Despite the outward simplicity of the recipe, turron can be insidious. Digest honey-sugar syrup — the dessert will turn out to be too harsh. Do not finish — it will not freeze as it should.
It’s possible, of course, to make a turron “by eye”, but only if you are an experienced culinary specialist who feels confident in working with sugar syrup. Or vice versa — a lucky newcomer who just succeeds all right the first time. I do not take risks and trust the entire responsibility of the thermometer.
The dessert hardens quickly, so prepare all the ingredients in advance.
Peel the nuts as needed. For the preparation of turron, you can use a variety of varieties of nuts. The most popular options are turron with almonds, hazelnuts, pistachios or various mixtures of these nuts. I like to mix these three options in equal proportions. So each variety of nuts is not so much needed, and a colorful cut is obtained.
In order to peel nuts: pour almonds with boiling water and leave for a few minutes — the peel will easily separate from the nut. Fry the hazelnuts in a dry pan. Then wrap the nuts in a dry kitchen towel, rub intensively — the husk will easily separate. I do not fry pistachios so that they do not lose their beautiful color.
Fry nuts in a frying pan or in an oven, preheated to 180-190 degrees, 7-10 minutes, until golden brown.
Prepare a dessert pan. Typically, a turron is prepared in a round or rectangular shape.
Lubricate the selected container with a thin layer of vegetable oil. Line the pan with baking paper and coat with a thin layer of neutral taste vegetable oil. Cut out of paper and grease another piece of paper to the size of the mold — it will become a kind of “cover” for the mold. A non-frozen turron is very sticky, and if this is not done, it will be difficult to separate it from the paper later.
In the homeland of dessert, instead of paper, special thin wafer wafers are used. Instead, you can use thin wafer cakes, lining them with the bottom of the form and the top of the dessert.
Measure the honey into a saucepan and melt it over low heat.
Continuing heating, gradually bring the honey to a boil. Add sugar and mix thoroughly.
When the sugar has dissolved, place the cooking thermometer in the container and continue to cook the mixture over low heat until it reaches 120 degrees.
Usually the process takes about 10-15 minutes, during which time the moisture will evaporate, and the mixture will thicken.
If there is no thermometer, but you are ready to risk a handful of nuts — you can try to catch the desired temperature without a thermometer. Check the consistency of the mixture and periodically conduct a simple test — dip a wooden skewer into the boiling mixture and then place it in a glass of cold water for a few seconds. Remove the skewer from cold water and rub a drop of the mixture with your fingertips — it should be soft and elastic.
While the honey-sugar mixture is being boiled, beat the egg white. Separate the egg white from the yolk, place in a bowl and beat until stable peaks. Then, while continuing to beat, gradually add the powdered sugar and beat well again (see the recipe version video for more details).

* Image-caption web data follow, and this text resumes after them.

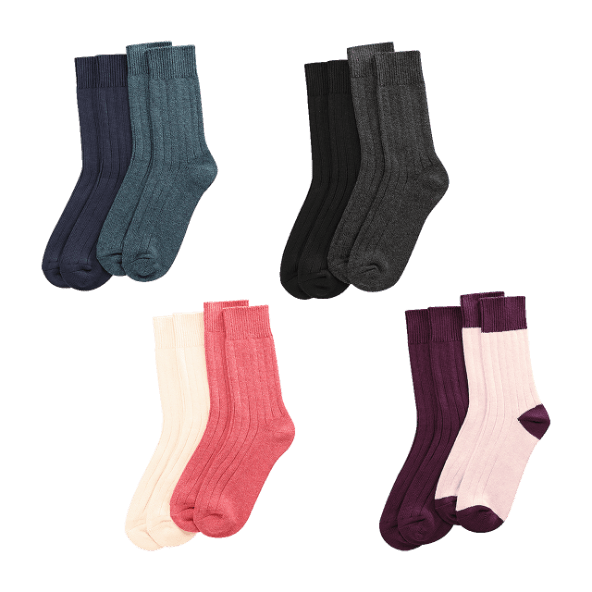 Calcetines Tobilleros PACK 3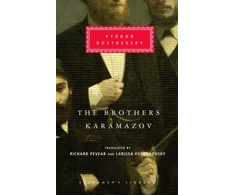 KNYGA Laufgard Brothers Karamazov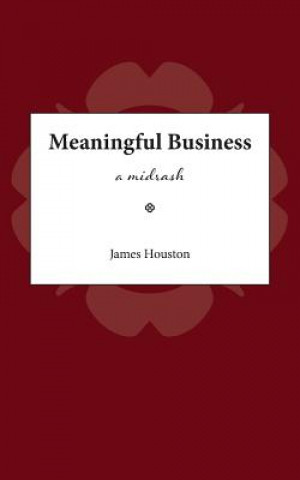 Knjiga Meaningful Business James M. Houston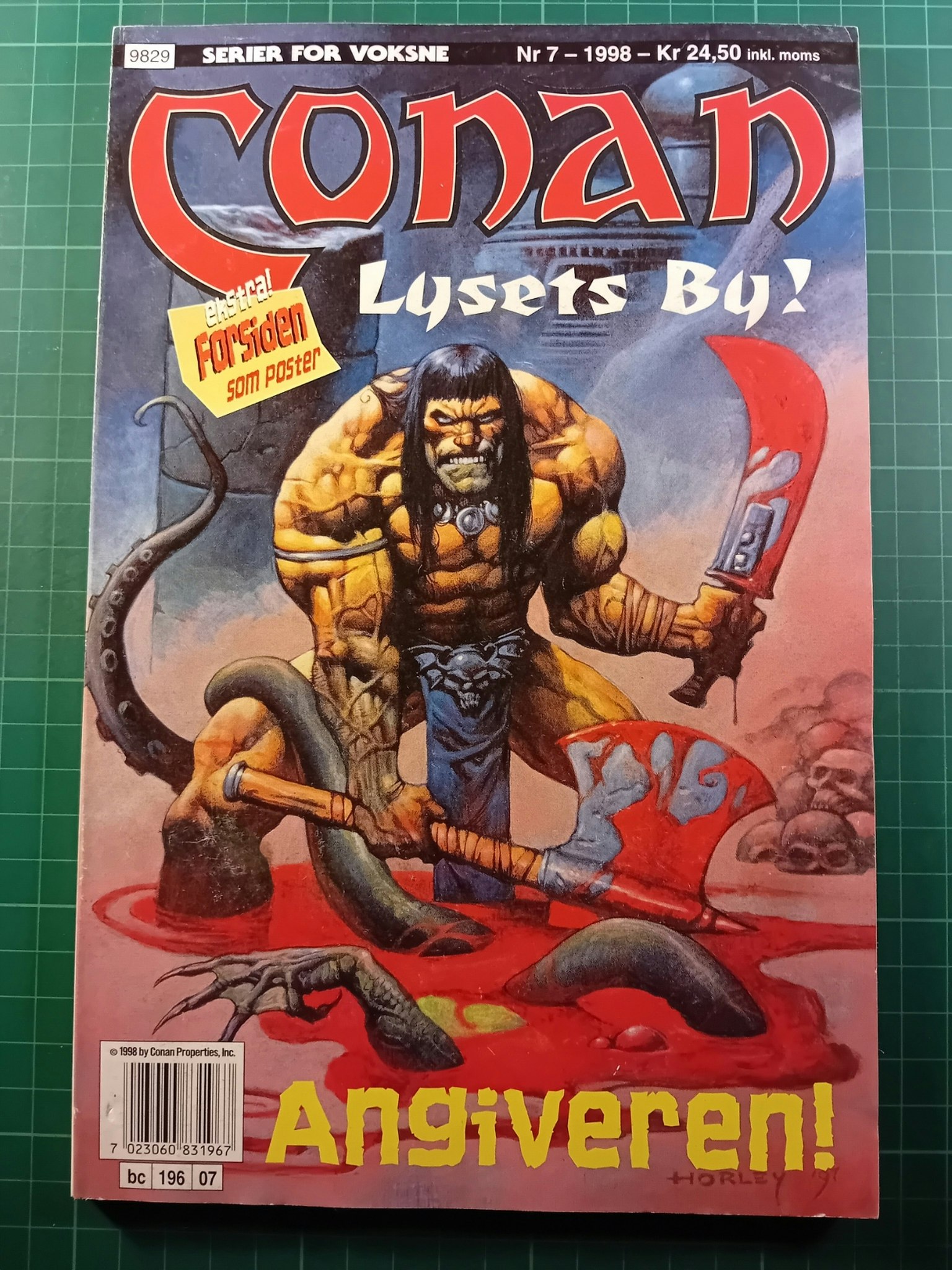Conan 1998 - 07
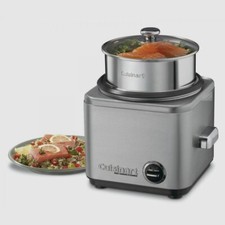 Cuisinart 8 Cup Rice Cooker, CRC-800, Brushed...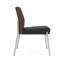 Lesro Chaise d'invité sans accoudoir Mystic-101049679-101049688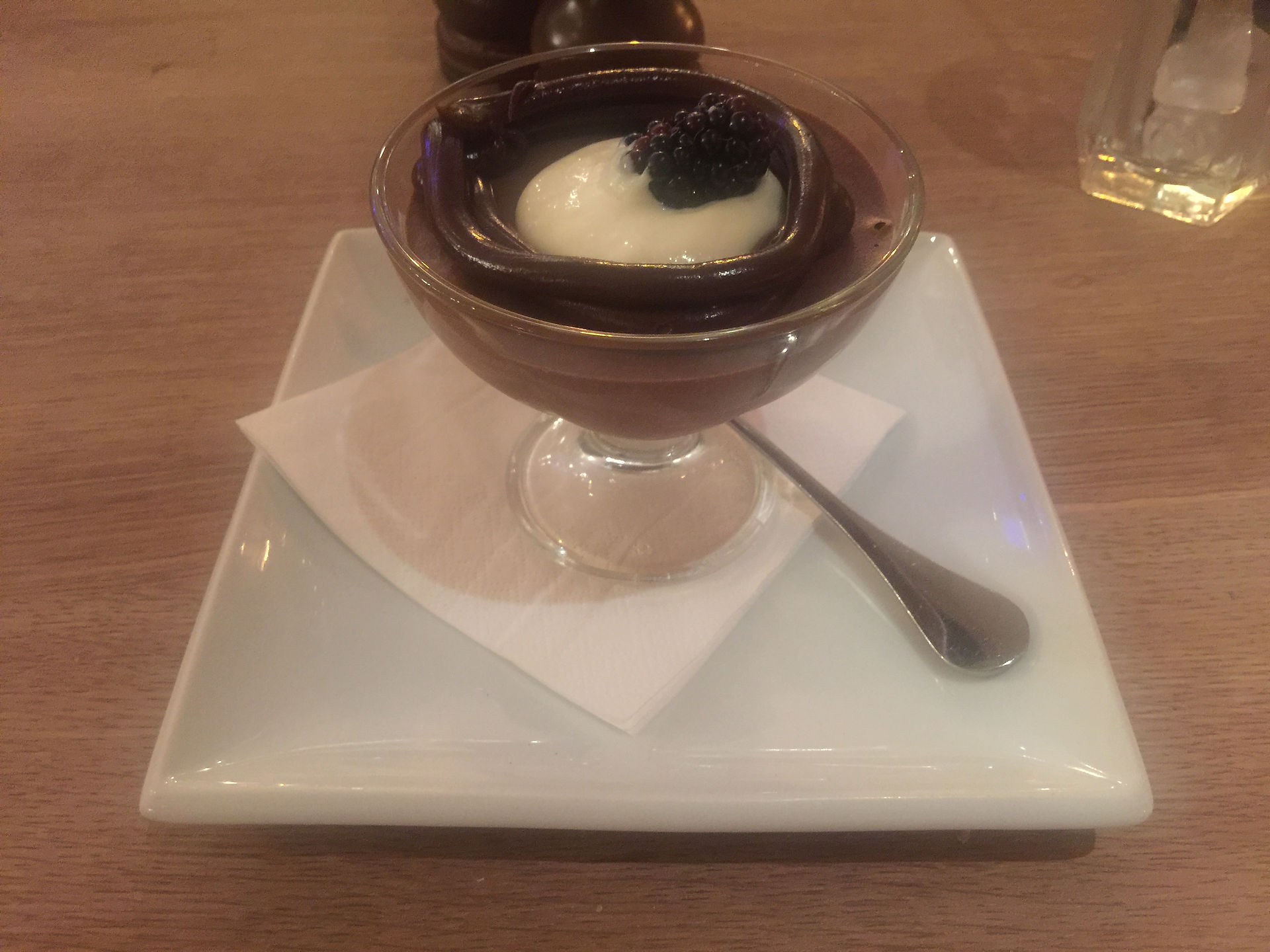 Chocolate Mousse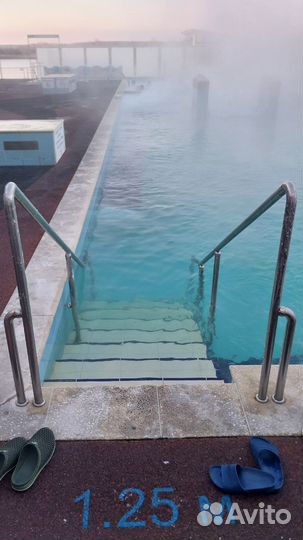 Термальный источник Тюмени - Верхний Бор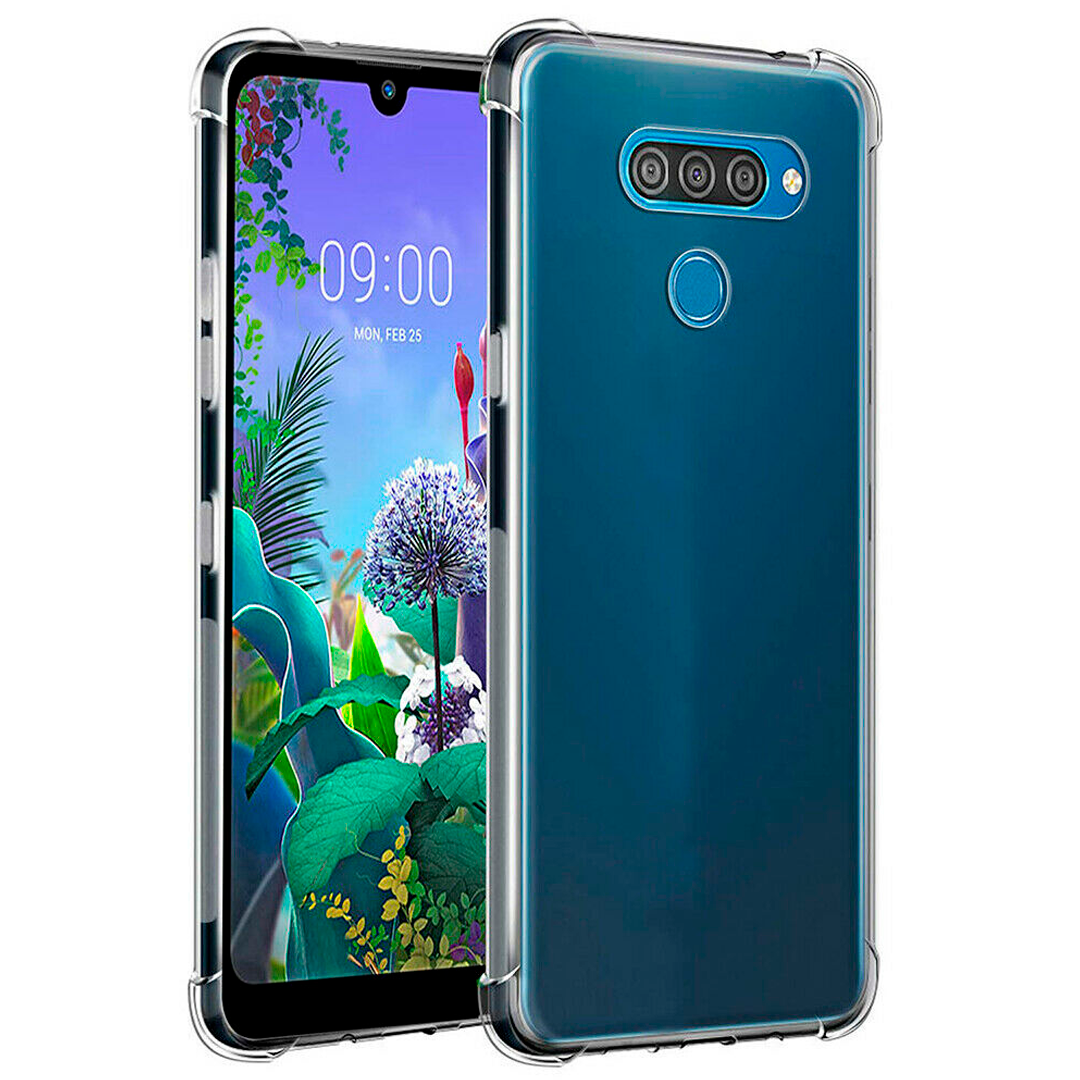 

Противоударный чехол на LG K50S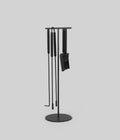 Ashi 5-Piece Fireplace Tool Set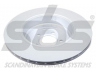sbs 1815314041 stabdžių diskas 
 Stabdžių sistema -> Diskinis stabdys -> Stabdžių diskas
LR011891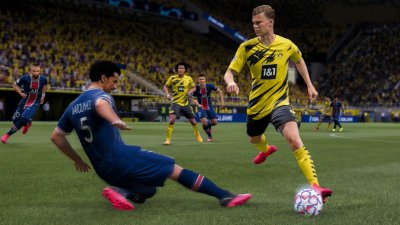 FIFA 21 не получит демоверсию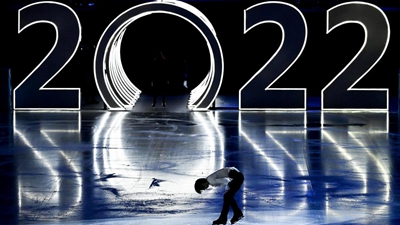 下個(gè)月，去首體滑“最美的冰”！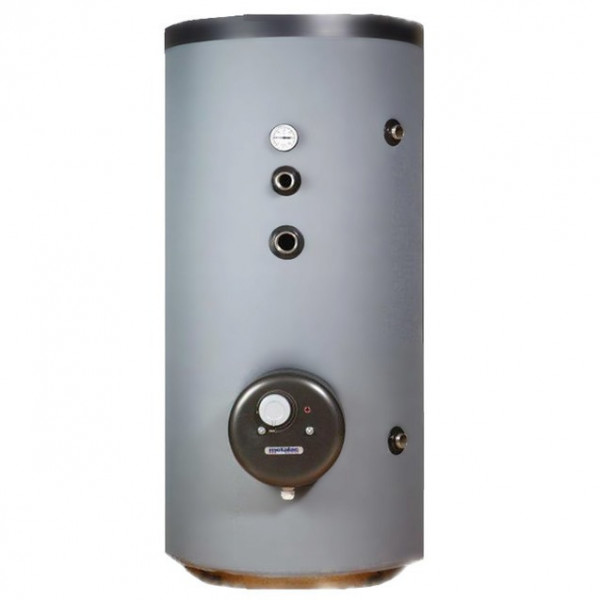 Metalac COMBI PRO 200 INOX, Комбинированный накопительный водонагреватель Металац Бойлер
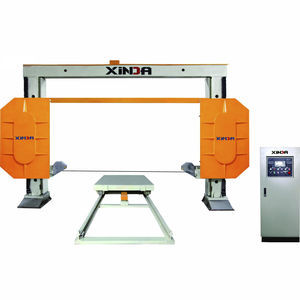 пила алмазной проволокой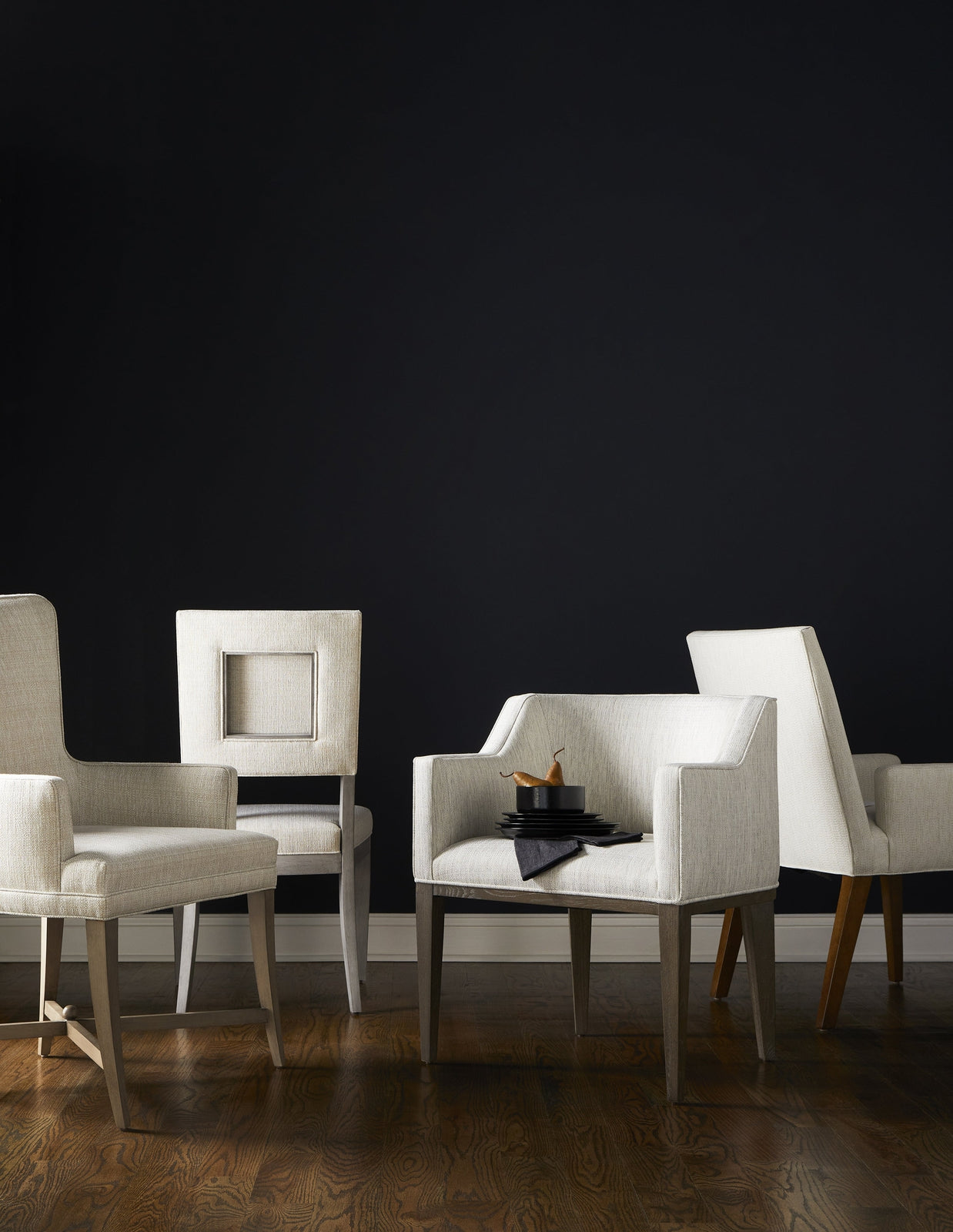 Vanguard Dune II Arm Chair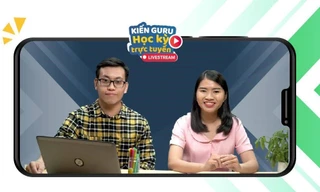 “Học kỳ trực tuyến” cùng teen đi qua mùa COVID-19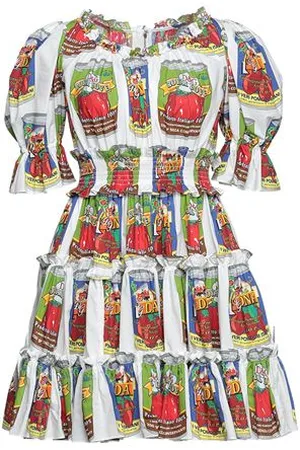 Dolce & Gabbana VESTIDOS - Minivestidos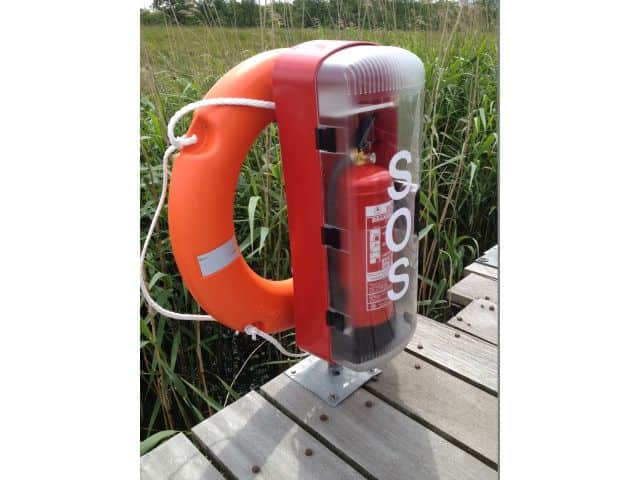 ECONOMY Rettungsstation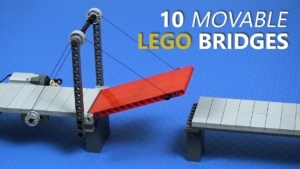 10 Lego-Br&uuml;cken, die tats&auml;chlich funktionieren | Gadgets | Was is hier eigentlich los?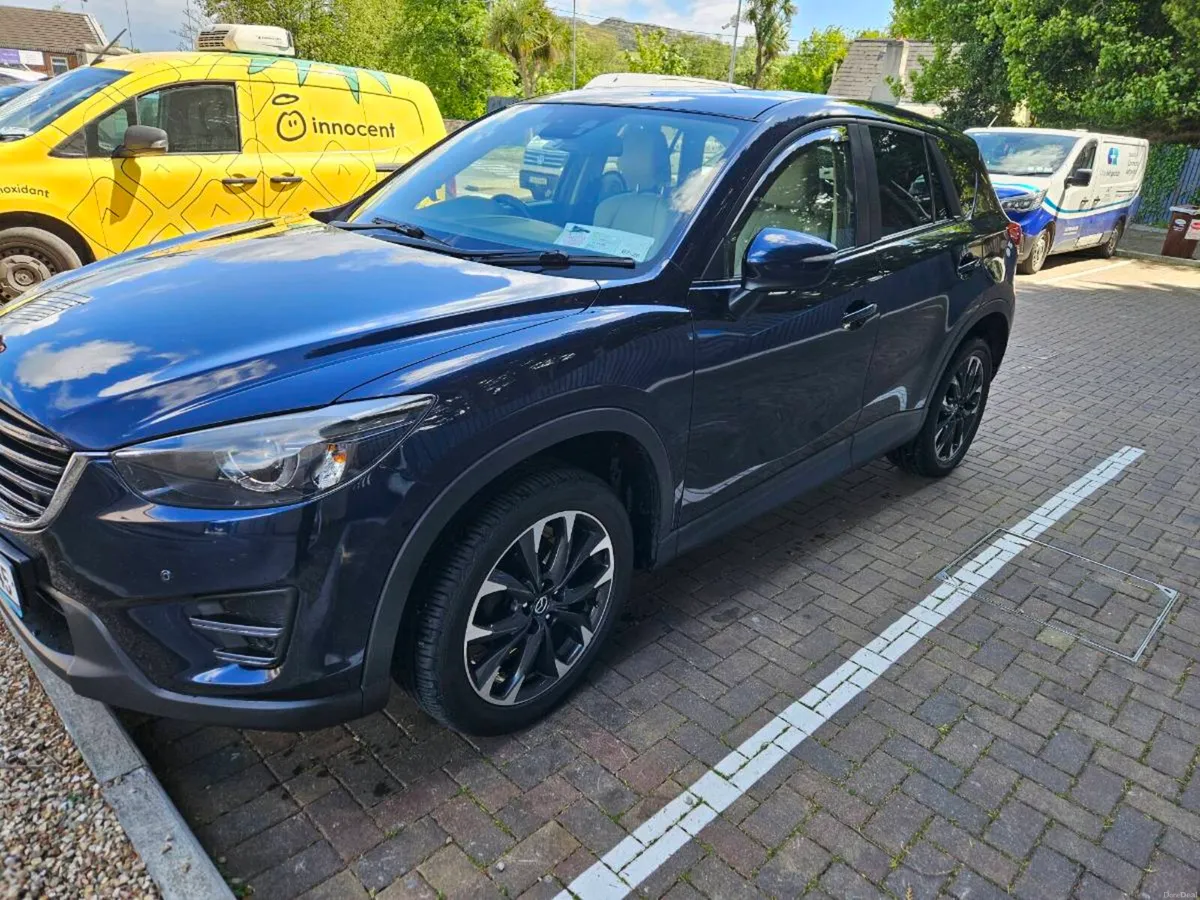 Mazda CX5 2.2 Diesel 2016 - Image 3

Separate half of the whipped protein — we don’t need it, just to separate and whisk the half of the protein right away is inconvenient.
Gradually, continuing to whisk the mixture at minimum speed, pour the honey-sugar mixture into a thin stream. Try to pour the mixture closer to the walls of the bowl — if it gets on the whisk of the mixer immediately, it can freeze with threads.
Stir in the warm toasted nuts and put the mixture in the prepared form. Flatten the mixture with a spoon as much as possible.
Cover the mixture with the prepared “lid” from baking paper, press and roll with something heavy to finally level the mixture.
Place the dessert in the refrigerator for at least 2-3 hours, and even better — at night, for final cooling.
Remove the cooled turron from the mold and remove the baking paper.
Dip the knife in boiling water for a few seconds, then wipe the blade dry and start slicing the dessert. A hot blade makes it easy to cut the turron into neat pieces of the desired size and shape.
Turron is ready! Have a nice tea party!